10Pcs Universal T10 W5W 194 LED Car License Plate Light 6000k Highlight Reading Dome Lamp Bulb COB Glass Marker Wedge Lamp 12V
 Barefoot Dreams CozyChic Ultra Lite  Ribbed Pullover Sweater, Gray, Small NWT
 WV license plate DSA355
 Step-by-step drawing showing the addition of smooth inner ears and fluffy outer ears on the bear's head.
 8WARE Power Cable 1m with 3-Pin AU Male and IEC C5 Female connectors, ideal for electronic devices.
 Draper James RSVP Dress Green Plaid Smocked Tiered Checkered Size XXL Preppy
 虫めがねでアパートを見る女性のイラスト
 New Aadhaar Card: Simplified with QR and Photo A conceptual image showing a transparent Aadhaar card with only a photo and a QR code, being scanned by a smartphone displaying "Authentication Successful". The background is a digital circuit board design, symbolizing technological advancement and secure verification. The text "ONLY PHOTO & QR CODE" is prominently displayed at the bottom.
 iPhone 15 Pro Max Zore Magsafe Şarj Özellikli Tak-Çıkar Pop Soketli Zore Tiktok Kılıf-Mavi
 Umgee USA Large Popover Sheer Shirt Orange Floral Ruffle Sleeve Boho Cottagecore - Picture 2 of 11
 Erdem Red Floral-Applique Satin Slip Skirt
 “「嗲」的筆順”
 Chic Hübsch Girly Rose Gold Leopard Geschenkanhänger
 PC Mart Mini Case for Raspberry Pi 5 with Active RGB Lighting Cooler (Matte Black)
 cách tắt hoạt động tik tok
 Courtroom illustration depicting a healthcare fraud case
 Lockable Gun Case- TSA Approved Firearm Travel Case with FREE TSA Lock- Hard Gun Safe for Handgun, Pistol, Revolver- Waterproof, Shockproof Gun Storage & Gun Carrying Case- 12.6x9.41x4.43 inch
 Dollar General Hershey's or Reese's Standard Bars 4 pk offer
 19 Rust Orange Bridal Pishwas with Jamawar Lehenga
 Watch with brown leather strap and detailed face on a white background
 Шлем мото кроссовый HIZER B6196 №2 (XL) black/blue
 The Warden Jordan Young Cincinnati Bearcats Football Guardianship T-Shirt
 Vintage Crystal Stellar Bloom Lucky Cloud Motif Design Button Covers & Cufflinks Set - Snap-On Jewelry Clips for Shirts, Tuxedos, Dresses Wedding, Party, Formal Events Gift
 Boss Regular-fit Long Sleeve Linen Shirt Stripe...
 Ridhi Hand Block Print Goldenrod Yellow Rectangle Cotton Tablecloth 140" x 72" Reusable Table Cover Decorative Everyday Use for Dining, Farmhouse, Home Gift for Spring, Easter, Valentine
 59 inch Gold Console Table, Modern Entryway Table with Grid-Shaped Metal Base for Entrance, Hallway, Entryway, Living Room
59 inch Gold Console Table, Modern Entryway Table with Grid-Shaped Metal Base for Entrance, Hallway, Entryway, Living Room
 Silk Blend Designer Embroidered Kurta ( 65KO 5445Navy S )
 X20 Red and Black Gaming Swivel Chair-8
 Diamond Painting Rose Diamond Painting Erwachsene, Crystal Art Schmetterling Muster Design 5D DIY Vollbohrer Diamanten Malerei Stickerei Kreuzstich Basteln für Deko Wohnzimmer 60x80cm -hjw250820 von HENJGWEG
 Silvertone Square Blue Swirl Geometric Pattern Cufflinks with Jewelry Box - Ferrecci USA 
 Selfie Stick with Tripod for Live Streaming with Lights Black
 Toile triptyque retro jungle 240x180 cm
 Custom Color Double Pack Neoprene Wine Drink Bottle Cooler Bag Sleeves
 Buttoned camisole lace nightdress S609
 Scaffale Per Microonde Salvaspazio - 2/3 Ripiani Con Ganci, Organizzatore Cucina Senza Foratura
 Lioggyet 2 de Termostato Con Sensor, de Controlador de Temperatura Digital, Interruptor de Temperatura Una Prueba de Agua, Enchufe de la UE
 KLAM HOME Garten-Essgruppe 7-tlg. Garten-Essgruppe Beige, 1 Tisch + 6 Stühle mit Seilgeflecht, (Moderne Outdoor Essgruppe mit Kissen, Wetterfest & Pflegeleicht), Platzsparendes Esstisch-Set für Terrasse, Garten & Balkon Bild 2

----------------

Transcribe the data above completely and exactly.

10Pcs Universal T10 W5W 194 LED Car License Plate Light 6000k Highlight Reading Dome Lamp Bulb COB Glass Marker Wedge Lamp 12V
 Barefoot Dreams CozyChic Ultra Lite  Ribbed Pullover Sweater, Gray, Small NWT
 WV license plate DSA355
 Step-by-step drawing showing the addition of smooth inner ears and fluffy outer ears on the bear's head.
 8WARE Power Cable 1m with 3-Pin AU Male and IEC C5 Female connectors, ideal for electronic devices.
 Draper James RSVP Dress Green Plaid Smocked Tiered Checkered Size XXL Preppy
 虫めがねでアパートを見る女性のイラスト
 New Aadhaar Card: Simplified with QR and Photo A conceptual image showing a transparent Aadhaar card with only a photo and a QR code, being scanned by a smartphone displaying "Authentication Successful". The background is a digital circuit board design, symbolizing technological advancement and secure verification. The text "ONLY PHOTO & QR CODE" is prominently displayed at the bottom.
 iPhone 15 Pro Max Zore Magsafe Şarj Özellikli Tak-Çıkar Pop Soketli Zore Tiktok Kılıf-Mavi
 Umgee USA Large Popover Sheer Shirt Orange Floral Ruffle Sleeve Boho Cottagecore - Picture 2 of 11
 Erdem Red Floral-Applique Satin Slip Skirt
 “「嗲」的筆順”
 Chic Hübsch Girly Rose Gold Leopard Geschenkanhänger
 PC Mart Mini Case for Raspberry Pi 5 with Active RGB Lighting Cooler (Matte Black)
 cách tắt hoạt động tik tok
 Courtroom illustration depicting a healthcare fraud case
 Lockable Gun Case- TSA Approved Firearm Travel Case with FREE TSA Lock- Hard Gun Safe for Handgun, Pistol, Revolver- Waterproof, Shockproof Gun Storage & Gun Carrying Case- 12.6x9.41x4.43 inch
 Dollar General Hershey's or Reese's Standard Bars 4 pk offer
 19 Rust Orange Bridal Pishwas with Jamawar Lehenga
 Watch with brown leather strap and detailed face on a white background
 Шлем мото кроссовый HIZER B6196 №2 (XL) black/blue
 The Warden Jordan Young Cincinnati Bearcats Football Guardianship T-Shirt
 Vintage Crystal Stellar Bloom Lucky Cloud Motif Design Button Covers & Cufflinks Set - Snap-On Jewelry Clips for Shirts, Tuxedos, Dresses Wedding, Party, Formal Events Gift
 Boss Regular-fit Long Sleeve Linen Shirt Stripe...
 Ridhi Hand Block Print Goldenrod Yellow Rectangle Cotton Tablecloth 140" x 72" Reusable Table Cover Decorative Everyday Use for Dining, Farmhouse, Home Gift for Spring, Easter, Valentine
 59 inch Gold Console Table, Modern Entryway Table with Grid-Shaped Metal Base for Entrance, Hallway, Entryway, Living Room
59 inch Gold Console Table, Modern Entryway Table with Grid-Shaped Metal Base for Entrance, Hallway, Entryway, Living Room
 Silk Blend Designer Embroidered Kurta ( 65KO 5445Navy S )
 X20 Red and Black Gaming Swivel Chair-8
 Diamond Painting Rose Diamond Painting Erwachsene, Crystal Art Schmetterling Muster Design 5D DIY Vollbohrer Diamanten Malerei Stickerei Kreuzstich Basteln für Deko Wohnzimmer 60x80cm -hjw250820 von HENJGWEG
 Silvertone Square Blue Swirl Geometric Pattern Cufflinks with Jewelry Box - Ferrecci USA 
 Selfie Stick with Tripod for Live Streaming with Lights Black
 Toile triptyque retro jungle 240x180 cm
 Custom Color Double Pack Neoprene Wine Drink Bottle Cooler Bag Sleeves
 Buttoned camisole lace nightdress S609
 Scaffale Per Microonde Salvaspazio - 2/3 Ripiani Con Ganci, Organizzatore Cucina Senza Foratura
 Lioggyet 2 de Termostato Con Sensor, de Controlador de Temperatura Digital, Interruptor de Temperatura Una Prueba de Agua, Enchufe de la UE
 KLAM HOME Garten-Essgruppe 7-tlg. Garten-Essgruppe Beige, 1 Tisch + 6 Stühle mit Seilgeflecht, (Moderne Outdoor Essgruppe mit Kissen, Wetterfest & Pflegeleicht), Platzsparendes Esstisch-Set für Terrasse, Garten & Balkon Bild 2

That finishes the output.